O verde é nosso. Mas... cadê o verde?

Luís Filipe de Lima

Sem querer ser um eco-chato ou coisa parecida, sempre defendi a ideia de que nós, do candomblé, devemos zelar pela conservação do meio-ambiente. Se essa já é nossa obrigação como cidadãos, que dirá como praticantes de uma religião que tem como base as forças da natureza. Precisamos a todo instante entregar ebós e presentes nas matas, rios, praias, cachoeiras, estradas e encruzilhadas. Nem por isso temos o direito de deixar qualquer espécie de lixo nesses locais. Sacolas, sacos plásticos, fósforos usados e guimbas de cigarro, por exemplo, não fazem parte de nenhum ebó que eu conheça... Velas acesas? Todo cuidado é pouco com incêndios. Afinal, não faz o menor sentido queimar o pé de árvore onde estamos fazendo nossos pedidos, nem poluir as águas que estamos presenteando. Como dizia um mais velho de quem guardo muitas saudades: “axé é limpeza”.
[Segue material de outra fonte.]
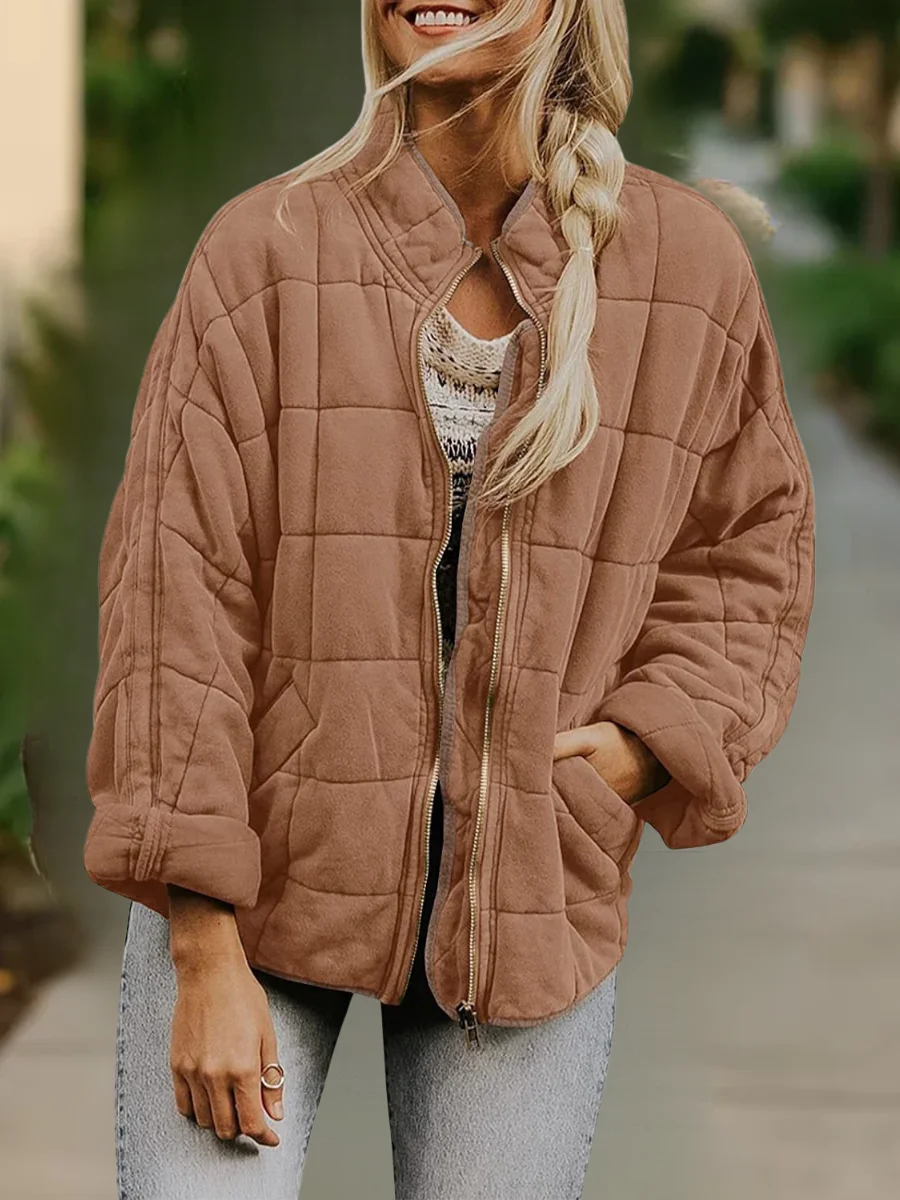 Women Spring/Fall Outerwear Casual Split Joint Plain Long Sleeve Stand Collar Jacket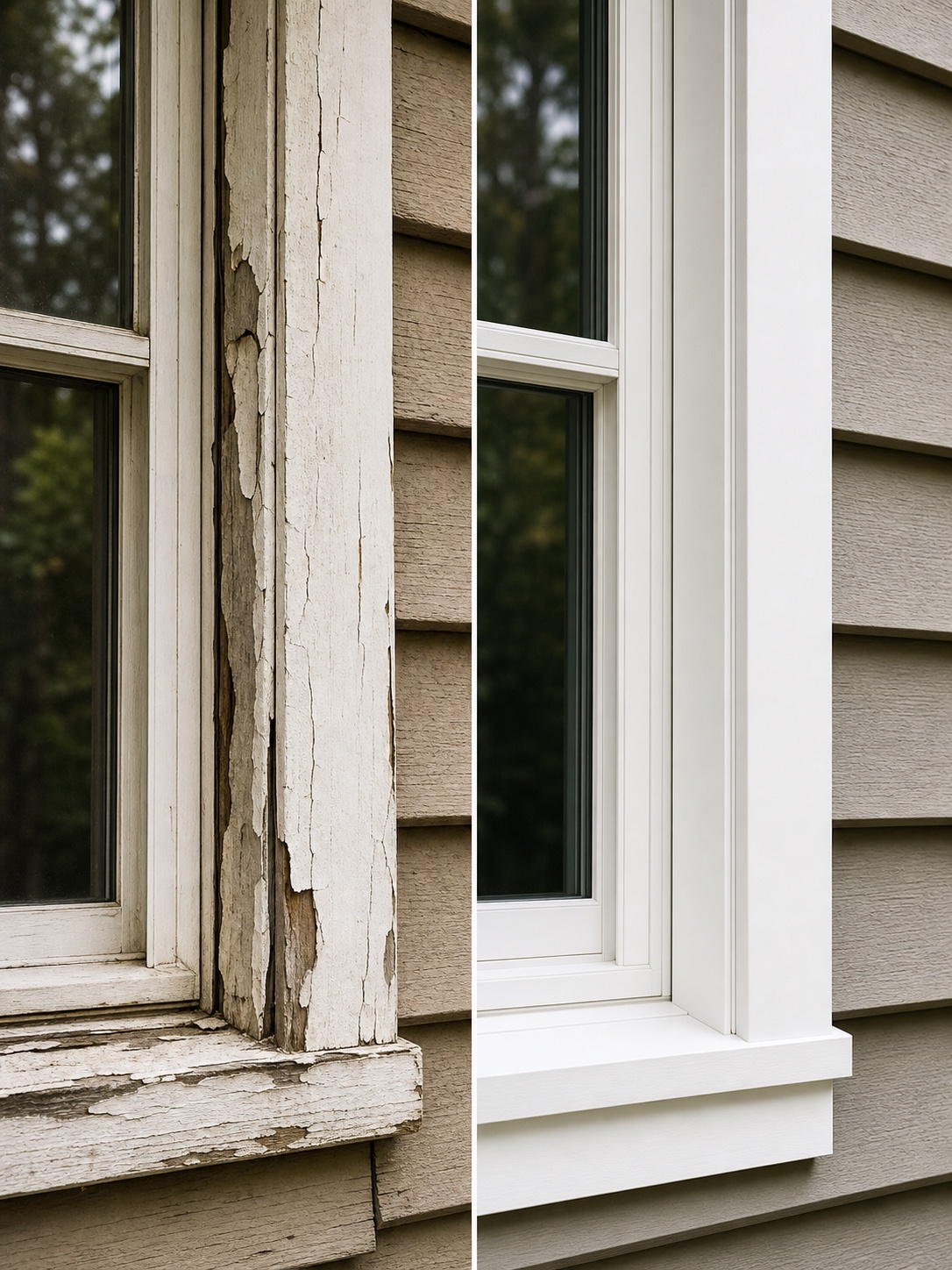 Exterior window trim before and after with cracked casing repaired and repainted.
Hoje muitas casas de candomblé evitam despachar alguidares, tigelas ou pratos com comidas-de-santo. Em lugar desses utensílios, as comidas e oferendas são entregues em cima de folhas apropriadas, prática aliás bastante comum entre nossos antigos. Felizmente a consciência ecológica (que nada mais é do que a noção de pertencimento a um universo amplo, habitado por inúmeras formas de vida) vem ganhando ainda mais força entre o povo-de-santo, nos últimos tempos. E nem podia ser diferente: fomos ensinados a pedir licença para entrar no mato, para colher uma simples folha, fruto ou raiz. Nossas obrigações são orientadas pela hora do dia, pela fase da lua, pelas marés. Precisamos de água limpa, no mar, nos rios e cachoeiras. Estamos, assim, entre os primeiros a defender práticas e políticas que garantam o equilíbrio dos recursos naturais.
Por outro lado, sabemos como está mais difícil, a cada dia que passa, utilizar espaços públicos adequados para nossos ritos. As águas e áreas verdes estão cada vez mais comprometidas, seja pela poluição e degradação ambiental, seja pelo crescimento desordenado das zonas urbanas. Já não é tão fácil achar, por exemplo, encruzilhadas de terra, cachoeiras ou mato limpo em meio às cidades. Nesse sentido, outra questão que preocupa o povo-de-santo é a segurança. Os lugares mais ermos – aqueles que nos restam, afinal – são sempre os mais arriscados. Também por causa disso, o acesso aos espaços coletivos é hoje cada vez mais limitado, nos obrigando a deslocamentos cada vez maiores, ou então a adaptações e simplificações em nossas práticas. Para não falar de outra dificuldade: a intolerância religiosa, que muitas vezes nos coloca em situações de constrangimento quando saímos de casa para cultuar nossos orixás em áreas abertas.
É hora de lutar por esses espaços. Podemos fazer muito. Se estivermos unidos, podemos fazer muito mais ainda. Que tal começar dando o exemplo? É bom redobrar os cuidados para não deixar lixo nos lugares por onde passamos. Não queremos ser conhecidos como inimigos do meio-ambiente, já basta a incompreensão que sofremos por parte de muitos setores da sociedade. Se pudermos evitar incluir nos presentes e ebós materiais que não sejam biodegradáveis, melhor ainda. Depois disso, que tal nos interessarmos um pouco mais pelas discussões em torno da ecologia e do desenvolvimento sustentável? Temos muito em comum com o chamado movimento verde, afinal, que está na contramão de poderosos interesses econômicos. Nossa religião floresceu no Brasil na condição de foco de resistência, até hoje não fugimos a essa vocação. É com a nossa participação nas discussões sobre o meio-ambiente, quer como simples cidadãos, quer como adeptos das religiões de matriz africana, que chegaremos mais perto das mudanças de que precisamos. Os orixás agradecem – e, como sempre, nos trarão boas respostas.

Um comentário:

Anônimo disse...

Motumbá,
Excelente observação irmão, está cada dia mais complicado um simples, põe simples nisso, ebó...seja onde for, temos todos esses "problemas"...a discussão é válida mesmo, somos "zeladores" das forças da natureza, portanto, nada mais justo que nossa principal preocupação seja preserva-la. "axé é limpeza" perfeito.